Please repeat exactly the lines below from the line with "In our work, we" to the line with "And that's how", including both, and leave out every picture.

**LISTED RECORDS**
*** Block opens ***
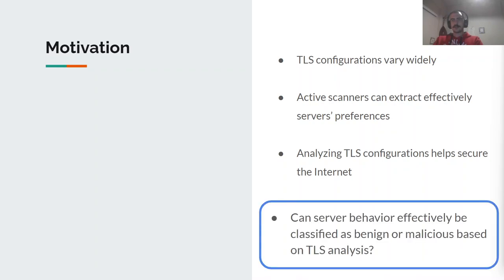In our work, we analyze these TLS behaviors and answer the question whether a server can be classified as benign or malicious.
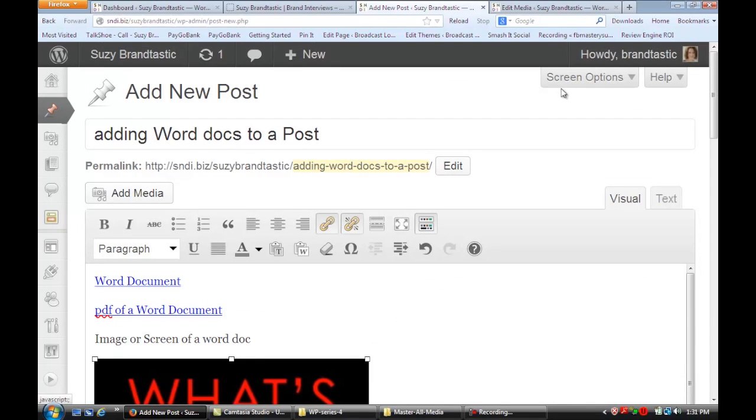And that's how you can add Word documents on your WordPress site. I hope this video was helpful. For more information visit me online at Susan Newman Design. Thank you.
*** Block closes ***
*** Block opens ***
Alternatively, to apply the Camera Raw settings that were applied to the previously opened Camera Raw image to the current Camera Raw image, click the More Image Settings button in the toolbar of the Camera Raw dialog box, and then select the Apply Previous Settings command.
*** Block closes ***
*** Block opens ***
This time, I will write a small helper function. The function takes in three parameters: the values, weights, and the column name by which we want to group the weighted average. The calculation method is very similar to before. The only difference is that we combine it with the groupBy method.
*** Block closes ***
**RESPONSE TO THE TASK**
In our work, we analyze these TLS behaviors and answer the question whether a server can be classified as benign or malicious.
And that's how you can add Word documents on your WordPress site. I hope this video was helpful. For more information visit me online at Susan Newman Design. Thank you.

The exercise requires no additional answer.